I believe that both men behaved the way they did due to low self-esteem and lack of self-confidence. African American writer James Baldwin writes, "One can only face in others what one can face in oneself." They couldn't see my beauty as a black woman goddess, because they were unable to see the beauty and the divinity in themselves.

Since Valentine's Day is this month and I am an African-American woman, I would be remiss if I didn't discuss the dating scene for African-American women. It is very bleak from where I sit. Can I even refer to it as a dating scene? I refer to it very loosely, in fact.

Most single black women are not dating. They are either lamenting the fact that they are not dating or they are on the lookout for a suitable dating partner. The pickings are quite slim. Due to the very real shortage of African-American men, there are not enough black men to go around for all black women.

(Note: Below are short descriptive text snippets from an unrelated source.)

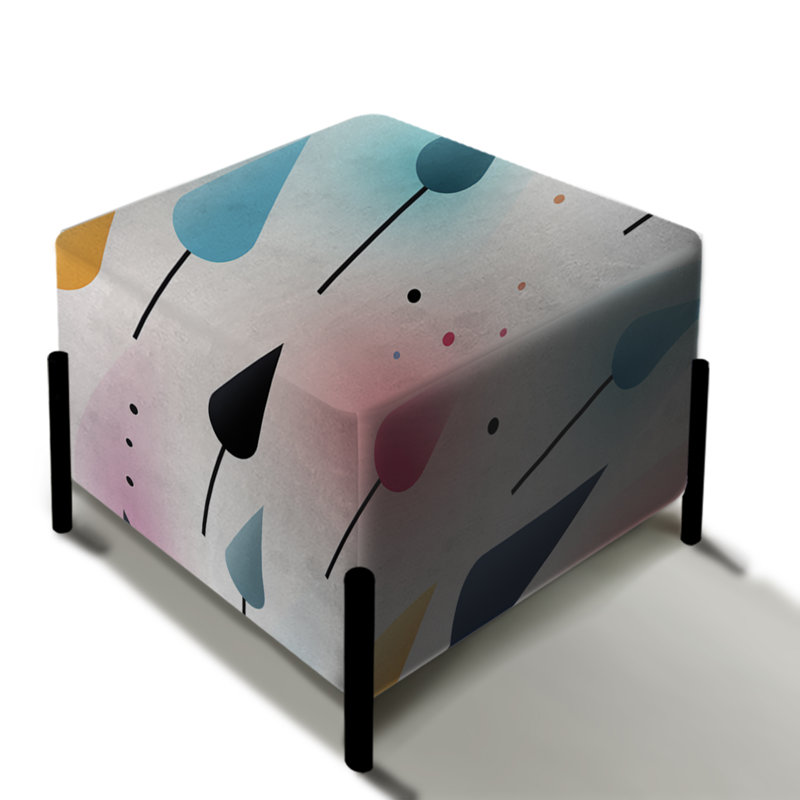 Formes géométriques pastel scandinaves - Repose-pieds carré géométrique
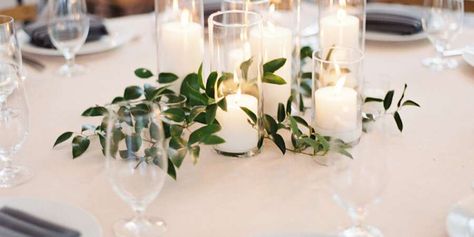 Tiered Candle Centerpiece, Diy Candles Easy, Floating Candle Centerpieces, Italian Ruscus, Rustic Wedding Decorations, Sylvia Day, Simple Centerpieces, Wedding Inside, Elegant Centerpieces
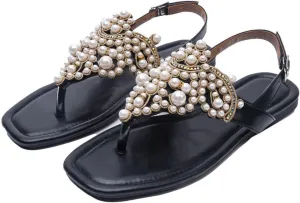 Women's Sparkle Pearl Flat T-Strap Thong Bohemian Sandals Adjust Ankle Strap Summer Fashion Comfort Slip-On Square Open Toe Flip Flops Sandals for Beach Party Prom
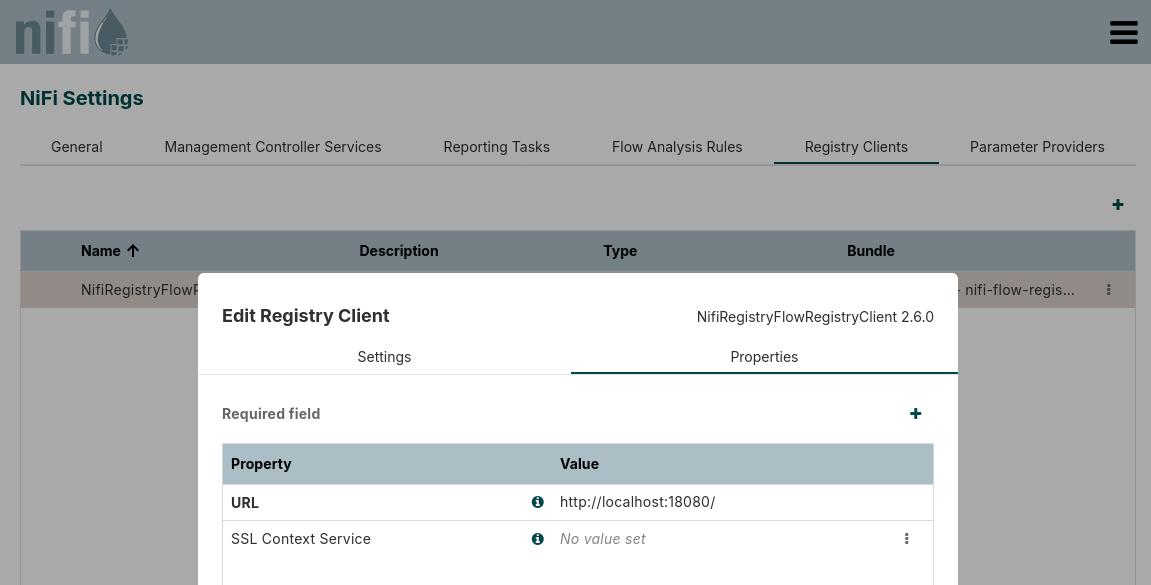 NiFi local registry client connection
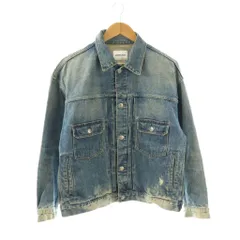 モンキータイム MONKEY TIME アローズ DISTRESD DENIM TRUCKER JKT Gジャン ジージャン デニムジャケット USED加工 ダメージ加工 M 青 ブルー 8325-173-0002 /HN ■ECB002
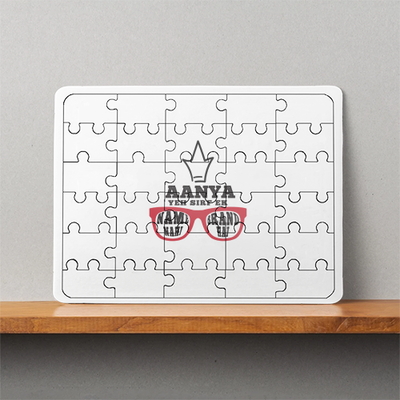 Personalized MDF Wooden Puzzles - Home & Living with Custom Name - White image 1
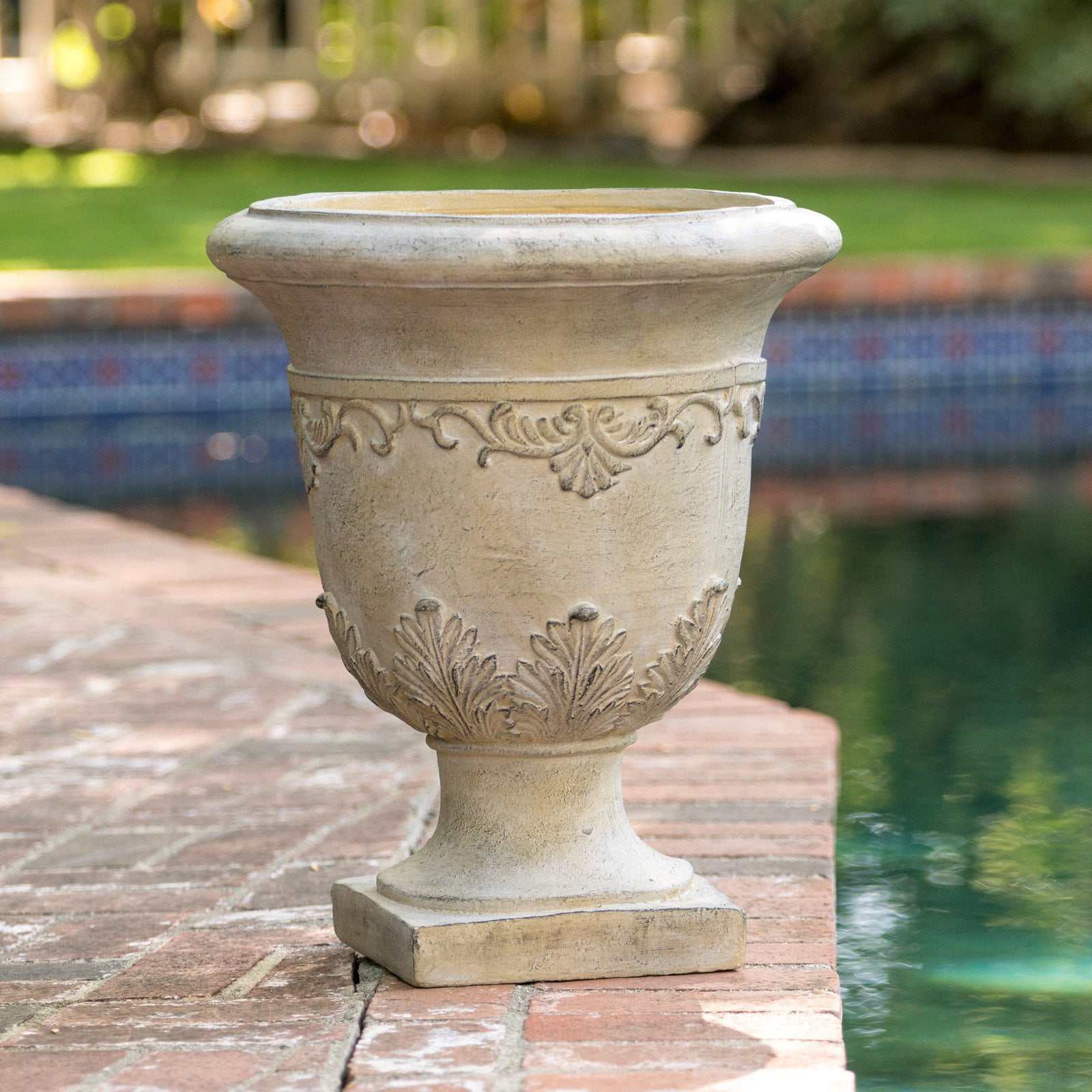 James 20 in. Antique Stone Urn Planter by Best Selling Home Decor Furniture LLC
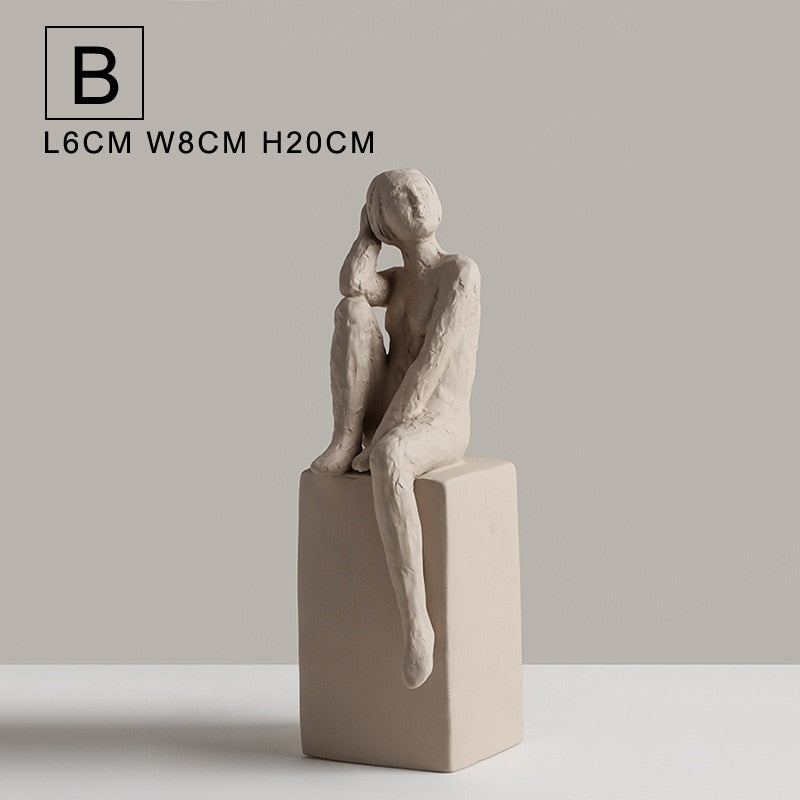 Nordic Retro Art Sculpture Modern Clay Figurine Home Living Room Bedroom Decoration Accessories Ceramic Handicraft Ornaments acacuss
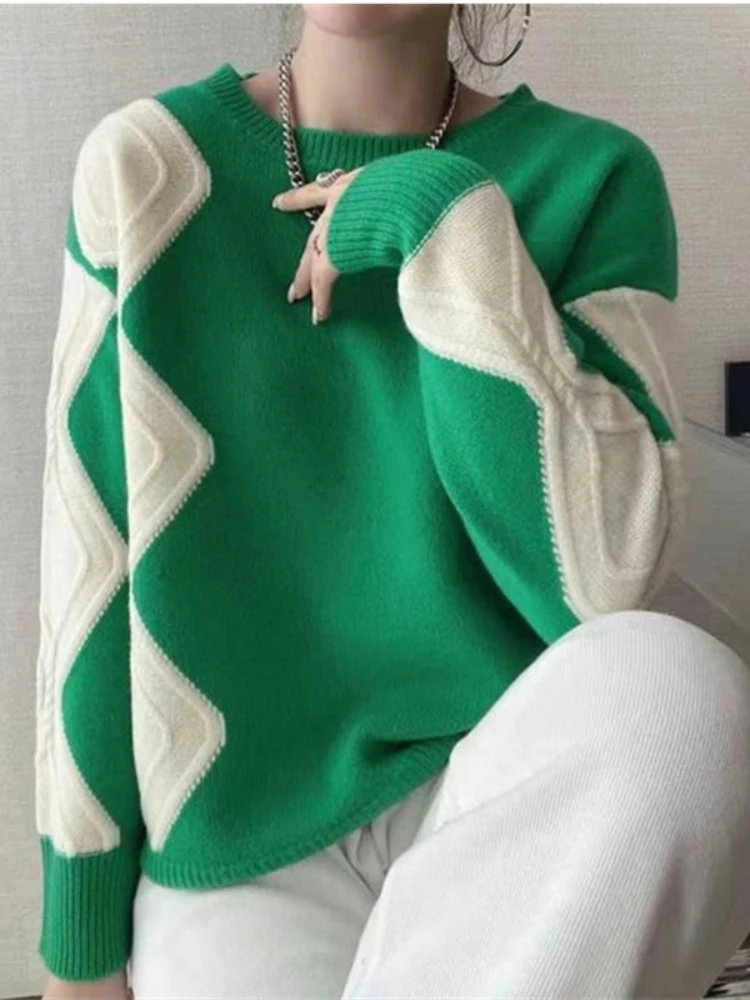 

Contrast Color Loose Bottoming Shirt Autumn Winter New Fashion All-match Sweater Women's Lazy Wind Pullover Women's Sweaters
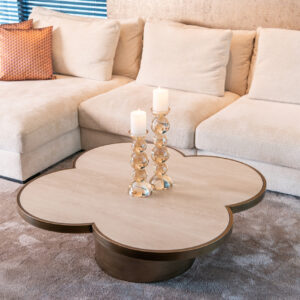 Masa de cafea din metal auriu periat Clover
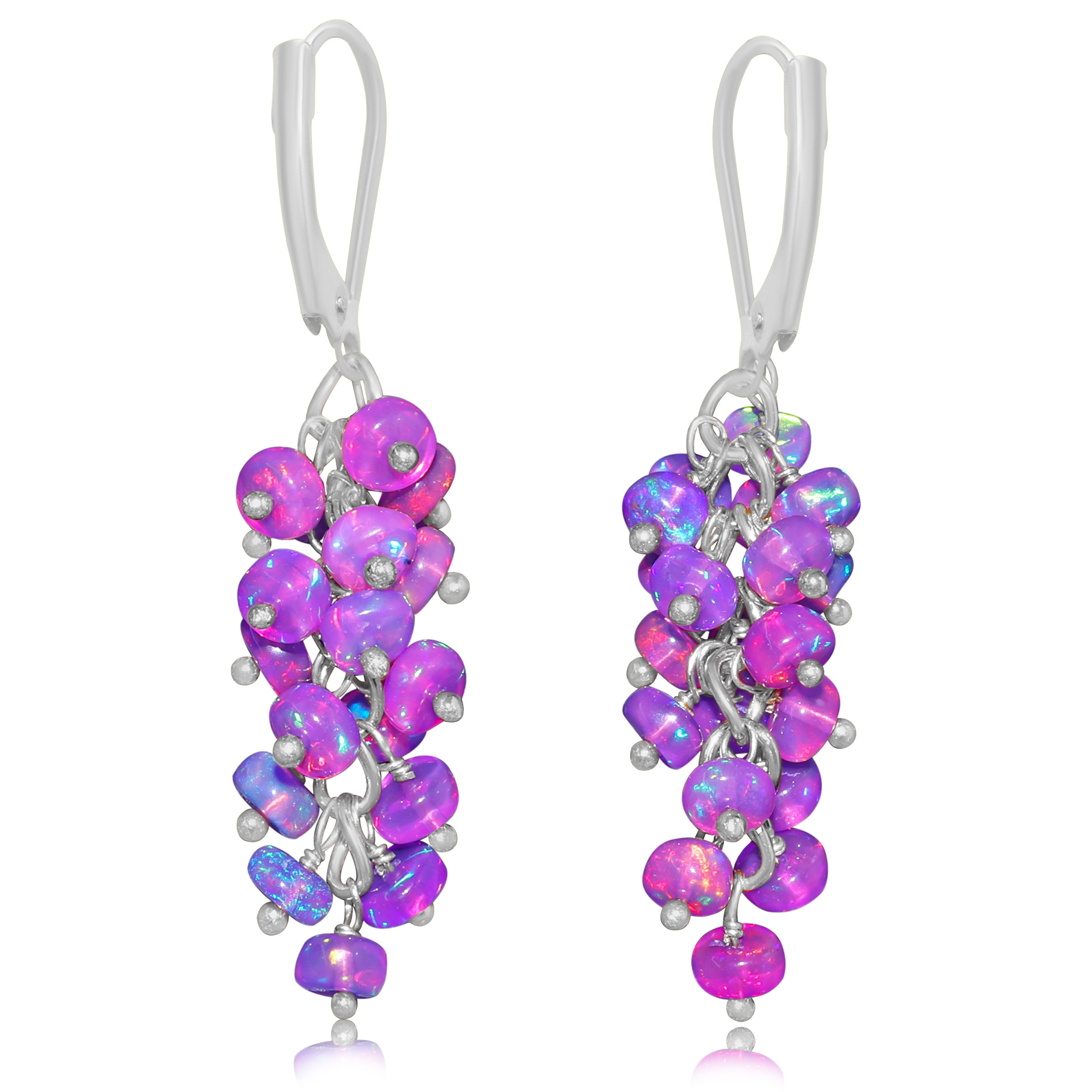 Fire Purple Opal Smooth Beads Cluster Earrings for Her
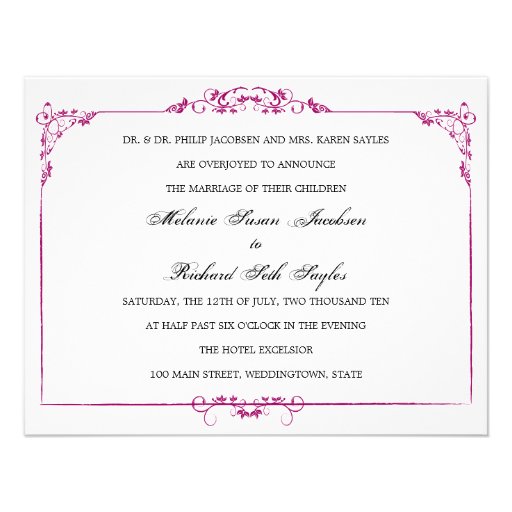 Porcelain Frame Fuchsia Personalized Announcement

Falling in love is a very lofty goal for women in general and black women in particular. There is a tendency to want to be in love, maybe to be in love with love itself, rather than to be in love with a man. Many black women dream about a "Prince Charming" type of man who will come along and solve their problems. This man does not exist, but that doesn't keep quite a few men from pretending that they are Prince Charming, in order to make themselves seem more attractive.

The difficulty that black women have finding love ties in well with Black History Month. . The lack of self-love within the black community is possibly responsible for the mangled relationships between African-American men and women. Negro History Week was started in order to help African-Americans to recognize our achievements and to love ourselves. Black History Month started as an expansion of Negro History Week, which Carter G. Woodson began in 1926. He was the director of the then-known Association for the Study of Negro Life and History. Woodson chose this week because it included the birthday of Abraham Lincoln and the fraternity Omega Psi Phi ‘s celebration of Frederick Douglass' birthday on February 14. This coincided with "Negro Achievement Week" in 1924. In 1976, the Association for the Study of Afro-American Life and History, changed the weeklong Black History celebration to Black History Month, because of the American bicentennial.

In 2008, Black History Month has evolved. In the San Francisco Bay Area alone, there are countless celebrations occurring all month. There is a cooking class at the Elmhurst Library in Oakland on February 25, 2008. It celebrates the food of our culture and keeping ourselves healthy and well fed in a soulful way. There is also an African film festival on February 28, 2008 at the Pacific Film Archive in Berkeley. It showcases our African heritage.

Iawanza Kunjufu, an equal rights advocate, "Remember, our number one problem is not drugs or crime, but self hatred. Study your history and learn to love yourself." If we in the black community would embrace our blackness and love ourselves, it could lead to successful relationships between black men and women.